A student athlete’s swimming success story

Getting into college wasn’t a problem for Fernanda Rodriguez. The MAC Scholar Athlete and 2017 David Douglas graduate had great grades, was deeply involved in her community and was among the best swimmers in the state in the breaststroke. But paying for college was a different story.

Rodriguez’s family had limited resources, and she had limited access to federal funds typically available to graduating seniors. On top of that, her parents were uneasy about her decision to swim
at Oregon State University. “My family is very traditional, and for my parents, it was unheard of to go and be an athlete in college, or even leave home for college,” she says. “My parents wanted me to stay home and maybe study something simple.”

Rodriguez needed to find her own path to school, and a portion of that path ran through the Multnomah Athletic Foundation. Last year, Rodriguez was one of three recipients of the annual Joe Loprinzi Scholarship, the largest scholar- ship gifts the foundation awards each year. Her $11,000 award, combined with a partial swimming scholarship and an academic scholarship from OSU, were enough to make her college dream a reality.

“When I think of Fernanda, I think of how grateful she is for her opportunities,” says Jim Bowe, head swim coach at David Douglas High School. “After each season, Fernanda took the time to write a personal letter to each coach thanking them for the time and effort they put into her swimming and development as a person. In my 20-plus years of coaching, I’ve had plenty of young people thank me. She is the only athlete who has done that every year.”

This year, Rodriguez receives a continuing-support scholarship — a smaller gift MAF often provides to former Loprinzi winners having success in their college careers. Rodriguez and the foundation’s other scholarship recipients — 44 in all – will be recognized during the inaugural scholarship event in August.

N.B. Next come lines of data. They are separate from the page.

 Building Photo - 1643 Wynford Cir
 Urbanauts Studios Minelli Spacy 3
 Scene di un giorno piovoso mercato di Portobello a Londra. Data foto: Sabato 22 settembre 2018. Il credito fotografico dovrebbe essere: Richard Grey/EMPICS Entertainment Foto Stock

Achievement Through Athletics

When Rodriguez joined the Oregon State swim team as a freshman in August 2017, she was struck by how different college swimming was from her competitive club program in high school. Sure, the swimmers were faster, but there were other differences. “Club swimming was very individual. In college, it’s more focused on what the team can do as a whole,” she says. “We swim for up to three hours a day, but there are team meetings, there is team bonding, and volunteer sessions where we all get to know each other better and give back to the community and support each other.”

It’s been a welcome change that helped her find a community of friends and men- tors. That’s invaluable when you’re a new student at a big school in a sport that requires you to work out, eat breakfast and head to class before the average freshman is awake. Collegiate swimming has also offered the opportunity to travel. With meets nearly every weekend during the season, Rodriguez has logged more miles in one year than she had in the previous 18. And she’s building relationships along the way.

“It feels like family,” she says of college swimming. “I’m with some of my best friends. I train with them 24-7, we live in the dorms together, we eat together, we go places together.”

When she’s not in the pool, Rodriguez is studying kinesiology with a nursing focus. After she graduates from Oregon State, she plans to attend a two-year nursing program and become a trauma nurse.

What’s in a Name?

Rodriguez’s scholarship is named after Joe Loprinzi, the fitness guru and longtime MAC employee who needs little introduction. But there are other scholarships MAF oversees that honor the work of individuals who have made a difference at MAC and in the community.

The Loprinzi Scholarship provides an $8,000 award to three outstanding student athletes that attend one of our twenty nine program high schools.